■ Records supplied
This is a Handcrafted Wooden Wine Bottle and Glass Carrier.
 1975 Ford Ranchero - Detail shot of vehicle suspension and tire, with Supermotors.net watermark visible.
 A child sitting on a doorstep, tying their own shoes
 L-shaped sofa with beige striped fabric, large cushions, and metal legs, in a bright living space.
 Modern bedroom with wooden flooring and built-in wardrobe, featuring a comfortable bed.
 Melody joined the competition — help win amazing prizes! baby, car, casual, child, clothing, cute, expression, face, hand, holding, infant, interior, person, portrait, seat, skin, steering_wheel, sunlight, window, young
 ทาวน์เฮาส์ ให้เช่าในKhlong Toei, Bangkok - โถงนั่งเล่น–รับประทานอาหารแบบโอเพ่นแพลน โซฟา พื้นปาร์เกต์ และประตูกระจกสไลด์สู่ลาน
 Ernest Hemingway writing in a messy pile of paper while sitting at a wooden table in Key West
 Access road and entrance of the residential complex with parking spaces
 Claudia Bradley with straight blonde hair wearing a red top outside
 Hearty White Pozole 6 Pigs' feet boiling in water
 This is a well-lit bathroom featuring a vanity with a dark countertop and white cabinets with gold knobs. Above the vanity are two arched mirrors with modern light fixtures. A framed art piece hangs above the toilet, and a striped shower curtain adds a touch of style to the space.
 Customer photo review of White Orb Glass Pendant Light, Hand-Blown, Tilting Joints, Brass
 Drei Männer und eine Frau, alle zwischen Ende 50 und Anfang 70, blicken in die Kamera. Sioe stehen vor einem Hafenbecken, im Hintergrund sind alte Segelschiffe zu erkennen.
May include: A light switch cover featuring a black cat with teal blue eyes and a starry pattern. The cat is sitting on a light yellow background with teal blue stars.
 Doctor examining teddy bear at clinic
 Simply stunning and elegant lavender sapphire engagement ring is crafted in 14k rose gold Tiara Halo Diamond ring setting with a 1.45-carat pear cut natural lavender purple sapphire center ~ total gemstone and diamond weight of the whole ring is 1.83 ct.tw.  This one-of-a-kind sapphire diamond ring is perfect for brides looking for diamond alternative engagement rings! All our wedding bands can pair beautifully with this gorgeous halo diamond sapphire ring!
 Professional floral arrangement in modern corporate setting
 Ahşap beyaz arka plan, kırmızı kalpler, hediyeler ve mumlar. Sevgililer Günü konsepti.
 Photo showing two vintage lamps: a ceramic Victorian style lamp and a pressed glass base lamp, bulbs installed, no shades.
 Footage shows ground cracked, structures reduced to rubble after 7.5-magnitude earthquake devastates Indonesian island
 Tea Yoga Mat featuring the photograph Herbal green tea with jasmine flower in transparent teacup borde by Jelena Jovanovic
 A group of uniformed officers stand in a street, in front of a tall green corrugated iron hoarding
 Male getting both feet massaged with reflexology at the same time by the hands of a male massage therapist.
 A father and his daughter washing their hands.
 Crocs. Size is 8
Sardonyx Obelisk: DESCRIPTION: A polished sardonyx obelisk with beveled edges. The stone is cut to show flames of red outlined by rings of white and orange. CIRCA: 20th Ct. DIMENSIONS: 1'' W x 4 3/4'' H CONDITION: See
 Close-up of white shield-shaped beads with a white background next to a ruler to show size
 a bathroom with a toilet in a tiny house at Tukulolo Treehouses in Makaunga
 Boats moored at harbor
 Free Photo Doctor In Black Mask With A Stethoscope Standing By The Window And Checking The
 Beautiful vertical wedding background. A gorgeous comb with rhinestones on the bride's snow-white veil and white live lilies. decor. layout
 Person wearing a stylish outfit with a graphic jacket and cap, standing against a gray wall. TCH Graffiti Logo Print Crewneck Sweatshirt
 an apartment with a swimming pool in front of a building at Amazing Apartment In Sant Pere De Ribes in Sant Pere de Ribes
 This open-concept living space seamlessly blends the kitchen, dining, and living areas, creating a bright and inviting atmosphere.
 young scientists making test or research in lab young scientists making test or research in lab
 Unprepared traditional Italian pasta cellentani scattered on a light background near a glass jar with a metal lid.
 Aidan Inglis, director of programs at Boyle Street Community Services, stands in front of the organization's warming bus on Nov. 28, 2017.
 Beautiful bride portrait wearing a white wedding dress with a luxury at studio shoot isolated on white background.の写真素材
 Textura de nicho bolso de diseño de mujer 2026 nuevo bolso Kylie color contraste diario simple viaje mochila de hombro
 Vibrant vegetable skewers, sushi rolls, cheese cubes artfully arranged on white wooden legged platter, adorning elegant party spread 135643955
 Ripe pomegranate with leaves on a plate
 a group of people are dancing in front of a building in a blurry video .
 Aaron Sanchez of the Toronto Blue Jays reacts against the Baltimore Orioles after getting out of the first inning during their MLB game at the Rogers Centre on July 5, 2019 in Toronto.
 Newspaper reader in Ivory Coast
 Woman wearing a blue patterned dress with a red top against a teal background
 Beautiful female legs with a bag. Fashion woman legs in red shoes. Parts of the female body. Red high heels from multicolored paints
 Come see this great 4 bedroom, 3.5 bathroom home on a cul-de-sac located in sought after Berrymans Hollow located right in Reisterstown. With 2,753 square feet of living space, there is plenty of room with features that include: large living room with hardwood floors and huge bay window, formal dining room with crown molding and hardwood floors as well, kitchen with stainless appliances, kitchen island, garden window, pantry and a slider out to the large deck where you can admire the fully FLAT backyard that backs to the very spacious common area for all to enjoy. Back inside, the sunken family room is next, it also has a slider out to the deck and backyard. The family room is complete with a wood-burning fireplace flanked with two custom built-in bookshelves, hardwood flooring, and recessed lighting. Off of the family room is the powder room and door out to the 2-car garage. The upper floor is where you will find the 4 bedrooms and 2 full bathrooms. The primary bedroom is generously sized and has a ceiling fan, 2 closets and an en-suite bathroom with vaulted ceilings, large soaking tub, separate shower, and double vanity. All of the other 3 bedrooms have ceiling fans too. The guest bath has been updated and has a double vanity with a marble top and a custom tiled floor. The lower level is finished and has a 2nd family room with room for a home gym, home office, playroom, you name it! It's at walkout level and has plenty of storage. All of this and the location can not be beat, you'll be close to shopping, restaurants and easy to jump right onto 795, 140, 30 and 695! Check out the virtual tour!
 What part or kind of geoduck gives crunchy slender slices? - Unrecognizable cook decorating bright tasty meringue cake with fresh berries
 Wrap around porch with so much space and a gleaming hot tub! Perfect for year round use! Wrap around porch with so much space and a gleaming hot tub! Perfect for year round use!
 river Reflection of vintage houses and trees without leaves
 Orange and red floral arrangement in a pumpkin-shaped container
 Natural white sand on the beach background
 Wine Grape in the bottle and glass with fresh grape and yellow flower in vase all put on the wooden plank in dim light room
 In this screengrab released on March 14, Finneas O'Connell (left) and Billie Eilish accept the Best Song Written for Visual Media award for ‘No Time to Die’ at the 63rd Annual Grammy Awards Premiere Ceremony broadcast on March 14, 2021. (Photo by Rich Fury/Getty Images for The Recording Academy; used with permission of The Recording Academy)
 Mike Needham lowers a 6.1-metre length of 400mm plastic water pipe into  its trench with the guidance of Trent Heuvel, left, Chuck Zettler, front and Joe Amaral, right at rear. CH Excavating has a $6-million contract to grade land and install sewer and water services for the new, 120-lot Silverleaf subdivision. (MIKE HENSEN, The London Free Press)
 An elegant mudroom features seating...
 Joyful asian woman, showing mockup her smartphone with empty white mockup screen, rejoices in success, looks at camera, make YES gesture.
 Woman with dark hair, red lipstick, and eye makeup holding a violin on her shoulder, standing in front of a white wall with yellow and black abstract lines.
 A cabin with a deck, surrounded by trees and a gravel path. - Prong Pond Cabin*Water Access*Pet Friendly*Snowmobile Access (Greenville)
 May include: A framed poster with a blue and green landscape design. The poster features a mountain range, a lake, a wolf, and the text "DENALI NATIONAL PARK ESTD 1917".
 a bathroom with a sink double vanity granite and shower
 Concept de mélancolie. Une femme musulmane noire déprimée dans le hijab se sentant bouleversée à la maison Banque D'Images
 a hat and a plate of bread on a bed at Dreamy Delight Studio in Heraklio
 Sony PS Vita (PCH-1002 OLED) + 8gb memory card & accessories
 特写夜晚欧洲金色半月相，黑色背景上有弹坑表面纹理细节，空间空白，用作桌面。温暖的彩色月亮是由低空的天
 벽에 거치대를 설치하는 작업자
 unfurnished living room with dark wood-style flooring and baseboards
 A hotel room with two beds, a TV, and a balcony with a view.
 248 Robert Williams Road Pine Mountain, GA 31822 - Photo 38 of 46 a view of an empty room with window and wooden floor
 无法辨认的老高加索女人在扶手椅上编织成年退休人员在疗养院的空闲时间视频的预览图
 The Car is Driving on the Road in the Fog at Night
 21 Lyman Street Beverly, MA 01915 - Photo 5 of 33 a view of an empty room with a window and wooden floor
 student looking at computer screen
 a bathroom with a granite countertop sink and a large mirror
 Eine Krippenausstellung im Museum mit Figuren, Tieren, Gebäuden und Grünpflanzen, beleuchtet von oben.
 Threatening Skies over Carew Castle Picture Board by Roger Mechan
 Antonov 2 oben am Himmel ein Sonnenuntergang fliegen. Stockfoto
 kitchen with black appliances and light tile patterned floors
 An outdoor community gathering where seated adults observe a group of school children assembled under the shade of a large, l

■ Required work
Please give back exactly the lines of this listing beginning at the line with "Footage shows ground" and ending with the line with "Beautiful vertical wedding", both included, and nothing else.

■ Output for this task
 Footage shows ground cracked, structures reduced to rubble after 7.5-magnitude earthquake devastates Indonesian island
 Tea Yoga Mat featuring the photograph Herbal green tea with jasmine flower in transparent teacup borde by Jelena Jovanovic
 A group of uniformed officers stand in a street, in front of a tall green corrugated iron hoarding
 Male getting both feet massaged with reflexology at the same time by the hands of a male massage therapist.
 A father and his daughter washing their hands.
 Crocs. Size is 8
Sardonyx Obelisk: DESCRIPTION: A polished sardonyx obelisk with beveled edges. The stone is cut to show flames of red outlined by rings of white and orange. CIRCA: 20th Ct. DIMENSIONS: 1'' W x 4 3/4'' H CONDITION: See
 Close-up of white shield-shaped beads with a white background next to a ruler to show size
 a bathroom with a toilet in a tiny house at Tukulolo Treehouses in Makaunga
 Boats moored at harbor
 Free Photo Doctor In Black Mask With A Stethoscope Standing By The Window And Checking The
 Beautiful vertical wedding background. A gorgeous comb with rhinestones on the bride's snow-white veil and white live lilies. decor. layout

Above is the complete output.